The Japanese public was least satisfied with government support to businesses amid the novel coronavirus pandemic in a six-nation survey by German-U.S. communications consultancy Kekst CNC, it was learned Monday.
The share of respondents who agreed that business support is getting through to businesses that need it stood at 11 percent in Japan but at 30 percent or higher for the United States, France, Germany, Britain and Sweden, according to the Japan head of the consultancy, Jochen Legewie.
The share was the highest in France, at 51 percent.
The results of the survey will be released soon.
A Japanese government program to provide cash relief to businesses hit hard by the pandemic has been under scrutiny because of delayed payments and a lack of transparency regarding the outsourcing of work related to the program.
Concern about possible job cuts was cited by 32 percent in Japan, the highest among the six countries, against 9 to 19 percent for the other five countries.
On whether national leaders have done well or badly in their response to the pandemic, Prime Minister Shinzo Abe performed the worst, at minus 33, followed by U.S. President Donald Trump, at minus 20.
German Chancellor Angela Merkel fared best, at 48.
The Japanese public gave low marks to their government and leader despite the fact that the country had fewer deaths from COVID-19 than in the United States and Europe, Legewie said.

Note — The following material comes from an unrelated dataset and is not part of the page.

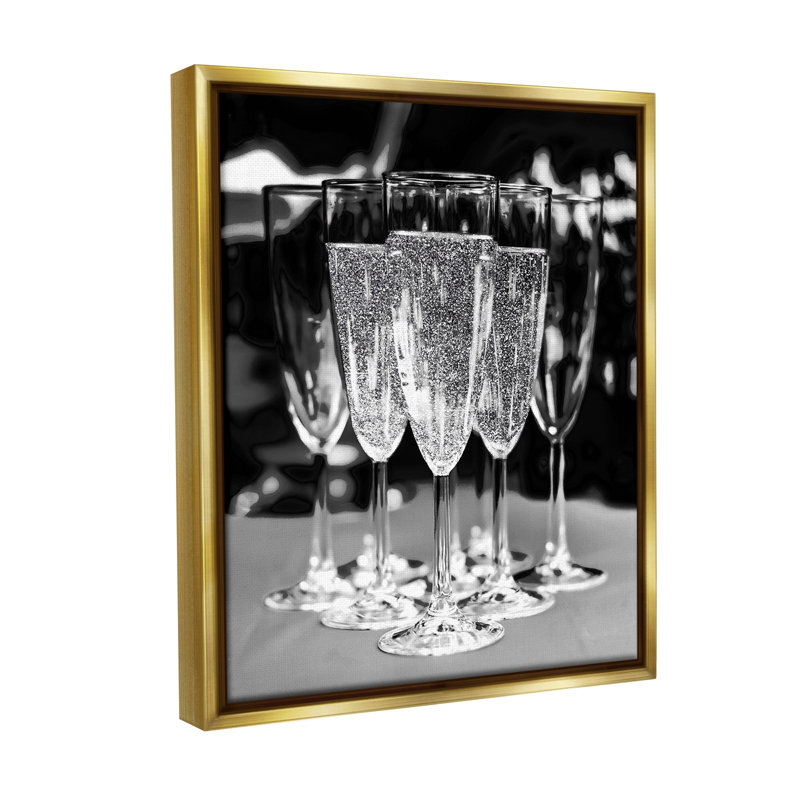«Glam Champagne Flutes Floater Frame» par Lil 'Rue sur, Cadre flottant métallique doré, H 31 po x l 25 po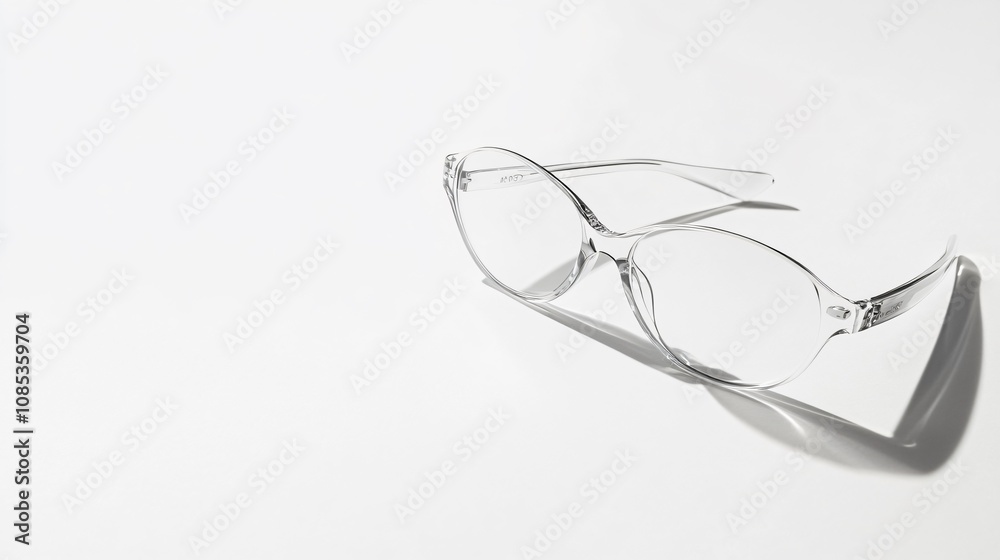 Transparent Elegance: Clear Eyeglasses on White - Minimalist Eyewear Fashion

“It’s clear that dissatisfaction with business support measures and future economic uncertainty are the main reasons” for the results for Japan, he said. Implementing business and employment policies is a challenge for Japan, he said.
Kekst CNC, which advises companies and financial institutions in the United States, Europe and Asia on public relations strategies, analyzes public opinion in various countries about the pandemic.
The survey was conducted for five days through June 5 with 1,000 people aged 18 or older in each of the six countries.